* [What you need to do]
Your answer is the lines below, exactly, from the one that contains "2nd image of 3204 Laramie Dr" through the one that contains "Audi Q8 2023", both included.

* [Data for this task]
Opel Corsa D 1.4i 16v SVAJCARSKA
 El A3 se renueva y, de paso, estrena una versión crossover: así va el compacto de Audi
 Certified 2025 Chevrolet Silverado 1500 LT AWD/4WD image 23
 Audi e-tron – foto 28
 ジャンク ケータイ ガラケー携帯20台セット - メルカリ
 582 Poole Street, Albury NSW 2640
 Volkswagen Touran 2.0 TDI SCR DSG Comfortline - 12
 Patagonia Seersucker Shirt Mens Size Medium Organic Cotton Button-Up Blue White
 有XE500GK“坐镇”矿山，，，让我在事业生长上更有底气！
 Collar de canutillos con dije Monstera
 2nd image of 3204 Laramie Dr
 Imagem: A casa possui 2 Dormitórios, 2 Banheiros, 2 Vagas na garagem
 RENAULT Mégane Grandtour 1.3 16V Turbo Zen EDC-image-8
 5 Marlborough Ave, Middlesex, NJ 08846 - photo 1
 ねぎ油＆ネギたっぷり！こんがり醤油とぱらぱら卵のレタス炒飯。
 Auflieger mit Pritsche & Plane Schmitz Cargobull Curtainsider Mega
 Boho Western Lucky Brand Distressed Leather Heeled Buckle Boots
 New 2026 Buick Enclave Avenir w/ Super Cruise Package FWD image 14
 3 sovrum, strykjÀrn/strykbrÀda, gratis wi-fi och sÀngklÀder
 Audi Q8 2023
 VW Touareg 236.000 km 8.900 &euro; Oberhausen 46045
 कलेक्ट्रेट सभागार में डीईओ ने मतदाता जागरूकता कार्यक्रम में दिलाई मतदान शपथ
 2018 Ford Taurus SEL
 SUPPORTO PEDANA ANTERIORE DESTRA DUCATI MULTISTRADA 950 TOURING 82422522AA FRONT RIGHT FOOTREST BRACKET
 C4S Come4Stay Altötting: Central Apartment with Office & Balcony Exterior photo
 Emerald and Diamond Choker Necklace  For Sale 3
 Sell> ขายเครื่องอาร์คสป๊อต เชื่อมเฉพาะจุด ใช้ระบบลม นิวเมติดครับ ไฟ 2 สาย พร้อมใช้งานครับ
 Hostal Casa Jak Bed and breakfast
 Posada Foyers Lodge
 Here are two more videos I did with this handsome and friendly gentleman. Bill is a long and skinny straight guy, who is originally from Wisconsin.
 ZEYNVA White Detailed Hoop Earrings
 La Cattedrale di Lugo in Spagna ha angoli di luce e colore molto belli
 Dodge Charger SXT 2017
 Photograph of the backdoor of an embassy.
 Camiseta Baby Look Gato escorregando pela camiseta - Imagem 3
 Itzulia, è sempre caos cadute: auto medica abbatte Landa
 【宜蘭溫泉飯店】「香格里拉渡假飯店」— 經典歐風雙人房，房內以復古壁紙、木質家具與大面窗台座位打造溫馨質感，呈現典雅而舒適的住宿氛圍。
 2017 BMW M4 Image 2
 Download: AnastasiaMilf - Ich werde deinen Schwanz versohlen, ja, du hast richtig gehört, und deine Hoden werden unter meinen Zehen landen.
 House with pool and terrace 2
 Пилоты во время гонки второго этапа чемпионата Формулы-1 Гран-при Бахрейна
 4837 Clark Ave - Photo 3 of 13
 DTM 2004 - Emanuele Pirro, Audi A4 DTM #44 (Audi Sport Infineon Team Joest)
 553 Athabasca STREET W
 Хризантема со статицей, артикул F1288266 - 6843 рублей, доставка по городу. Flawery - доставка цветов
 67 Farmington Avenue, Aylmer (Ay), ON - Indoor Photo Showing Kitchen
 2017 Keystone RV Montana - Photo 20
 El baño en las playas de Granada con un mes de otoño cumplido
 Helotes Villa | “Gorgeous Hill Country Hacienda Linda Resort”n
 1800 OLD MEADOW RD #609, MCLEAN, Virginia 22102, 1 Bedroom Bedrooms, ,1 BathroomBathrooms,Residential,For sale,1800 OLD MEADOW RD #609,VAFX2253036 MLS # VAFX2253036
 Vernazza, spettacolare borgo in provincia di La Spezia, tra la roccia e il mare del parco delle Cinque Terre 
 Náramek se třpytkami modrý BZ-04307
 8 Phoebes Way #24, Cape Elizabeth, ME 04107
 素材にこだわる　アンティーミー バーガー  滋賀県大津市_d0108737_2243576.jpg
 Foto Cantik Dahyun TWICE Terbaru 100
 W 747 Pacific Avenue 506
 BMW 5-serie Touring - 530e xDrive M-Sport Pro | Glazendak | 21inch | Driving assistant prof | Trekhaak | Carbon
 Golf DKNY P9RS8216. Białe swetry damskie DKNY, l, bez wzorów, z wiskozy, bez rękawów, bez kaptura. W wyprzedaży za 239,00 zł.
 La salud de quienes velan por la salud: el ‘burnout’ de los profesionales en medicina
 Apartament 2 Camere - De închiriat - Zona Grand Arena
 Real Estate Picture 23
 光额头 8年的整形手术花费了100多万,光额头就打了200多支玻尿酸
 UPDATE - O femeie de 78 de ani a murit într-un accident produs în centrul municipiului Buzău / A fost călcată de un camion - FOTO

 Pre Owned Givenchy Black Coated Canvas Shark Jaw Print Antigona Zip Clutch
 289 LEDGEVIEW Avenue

* [Written answer]
 2nd image of 3204 Laramie Dr
 Imagem: A casa possui 2 Dormitórios, 2 Banheiros, 2 Vagas na garagem
 RENAULT Mégane Grandtour 1.3 16V Turbo Zen EDC-image-8
 5 Marlborough Ave, Middlesex, NJ 08846 - photo 1
 ねぎ油＆ネギたっぷり！こんがり醤油とぱらぱら卵のレタス炒飯。
 Auflieger mit Pritsche & Plane Schmitz Cargobull Curtainsider Mega
 Boho Western Lucky Brand Distressed Leather Heeled Buckle Boots
 New 2026 Buick Enclave Avenir w/ Super Cruise Package FWD image 14
 3 sovrum, strykjÀrn/strykbrÀda, gratis wi-fi och sÀngklÀder
 Audi Q8 2023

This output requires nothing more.